1. A radiator assembly for use in an engine cooling system of a motor vehicle, comprising:

a first radiator unit having a first inlet and a first outlet;

a second radiator unit having a second inlet and a second outlet;

an inlet hose assembly having a first inlet hose connected to said first inlet, a second inlet hose connected to said second inlet, an inlet supply hose, and an inlet connector interconnecting said inlet supply hose to both of said first and second inlet hoses; and

an outlet hose assembly having a first outlet hose connected to said first outlet, a second outlet hose connected to said second outlet, an outlet supply hose, and an outlet connector interconnecting said outlet supply hose to both of said first and second outlet hoses.

2. The radiator assembly of claim 1 wherein said first radiator unit is larger than said second radiator unit.

3. The radiator assembly of claim 1 wherein a thickness dimension of a first core for said first radiator unit is equal to a thickness dimension of a second core for said second radiator unit.

4. The radiator assembly of claim 1 wherein said first radiator unit is disposed between a blower fan and said second radiator unit.

5. The radiator assembly of claim 1 wherein said inlet hose assembly is supplied with coolant exiting the engine and said outlet hose assembly supplies coolant to a water pump.

6. A radiator assembly for use in an engine cooling system of a motor vehicle having a water pump and a fluid flow circuit through which coolant is circulated between the engine and the water pump, the radiator assembly comprising:

a first radiator unit having a first inlet and a first outlet;

a second radiator having a second inlet and a second outlet;

an inlet hose assembly having an inlet supply hose in fluid communication with the fluid flow circuit to receive coolant from the engine, a first inlet hose connecting said inlet supply hose to said first inlet, and a second inlet hose connecting said inlet supply hose to said second inlet, and

an outlet hose assembly having an outlet supply hose in fluid communication with the fluid flow circuit to supply coolant to the water pump, a first outlet hose connecting said outlet supply hose to said first outlet, and a second outlet hose connecting said outlet supply hose to said second outlet.

7. The radiator assembly of claim 6 wherein said first radiator unit is larger than said second radiator unit.

8. The radiator assembly of claim 6 wherein a thickness dimension of a first core for said first radiator unit is equal to a thickness dimension of a second core for said second radiator unit.

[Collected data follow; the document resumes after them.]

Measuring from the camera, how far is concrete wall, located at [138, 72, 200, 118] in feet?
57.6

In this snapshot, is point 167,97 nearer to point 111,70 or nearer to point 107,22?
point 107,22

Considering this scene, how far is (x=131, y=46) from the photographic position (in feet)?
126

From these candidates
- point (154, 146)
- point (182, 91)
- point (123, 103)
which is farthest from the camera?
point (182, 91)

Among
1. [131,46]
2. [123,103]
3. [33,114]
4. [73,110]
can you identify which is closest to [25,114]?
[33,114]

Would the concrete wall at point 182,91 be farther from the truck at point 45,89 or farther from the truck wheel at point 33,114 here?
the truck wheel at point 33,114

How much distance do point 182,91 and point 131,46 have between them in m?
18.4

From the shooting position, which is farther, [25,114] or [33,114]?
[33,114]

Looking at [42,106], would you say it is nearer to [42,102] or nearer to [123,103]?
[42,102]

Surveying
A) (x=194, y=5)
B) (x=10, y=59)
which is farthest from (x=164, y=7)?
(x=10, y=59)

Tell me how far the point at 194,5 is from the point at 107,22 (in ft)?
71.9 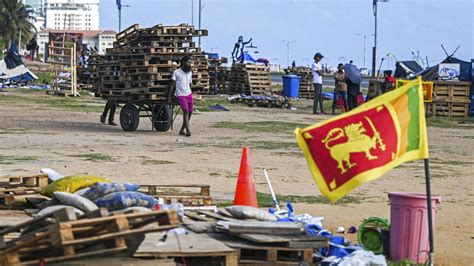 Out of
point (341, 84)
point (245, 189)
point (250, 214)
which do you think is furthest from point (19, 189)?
point (341, 84)

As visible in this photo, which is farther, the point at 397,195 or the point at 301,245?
the point at 397,195

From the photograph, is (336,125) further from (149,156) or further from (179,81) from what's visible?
(179,81)

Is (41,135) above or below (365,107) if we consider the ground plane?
below

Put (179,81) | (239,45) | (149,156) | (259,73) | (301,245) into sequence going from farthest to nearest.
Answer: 1. (239,45)
2. (259,73)
3. (179,81)
4. (149,156)
5. (301,245)

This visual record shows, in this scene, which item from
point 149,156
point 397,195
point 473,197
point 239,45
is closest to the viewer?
point 397,195

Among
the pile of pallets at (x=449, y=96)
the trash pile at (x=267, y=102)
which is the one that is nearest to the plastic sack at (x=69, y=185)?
the pile of pallets at (x=449, y=96)

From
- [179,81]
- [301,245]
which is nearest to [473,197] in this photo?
[301,245]

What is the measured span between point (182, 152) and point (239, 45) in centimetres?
3609

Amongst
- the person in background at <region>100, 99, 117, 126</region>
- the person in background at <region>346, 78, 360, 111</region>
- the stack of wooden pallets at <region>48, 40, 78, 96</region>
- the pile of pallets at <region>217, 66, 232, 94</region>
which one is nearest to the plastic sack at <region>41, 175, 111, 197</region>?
the person in background at <region>100, 99, 117, 126</region>

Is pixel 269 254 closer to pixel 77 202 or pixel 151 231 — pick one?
pixel 151 231

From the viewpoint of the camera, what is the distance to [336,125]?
26.0 feet

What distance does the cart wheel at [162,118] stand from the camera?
23375 mm

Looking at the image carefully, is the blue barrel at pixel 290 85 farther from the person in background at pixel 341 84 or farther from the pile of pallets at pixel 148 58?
the pile of pallets at pixel 148 58

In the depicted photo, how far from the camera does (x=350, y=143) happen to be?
25.8 ft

9. The radiator assembly of claim 6 wherein said first radiator unit is disposed between a blower fan and said second radiator unit.

10. The radiator assembly of claim 6 wherein said inlet hose assembly includes an inlet coupling interconnecting said inlet supply hose to said first and second supply hoses, and wherein said outlet hose assembly includes an outlet coupling interconnecting said outlet supply hose to said first and second outlet hoses.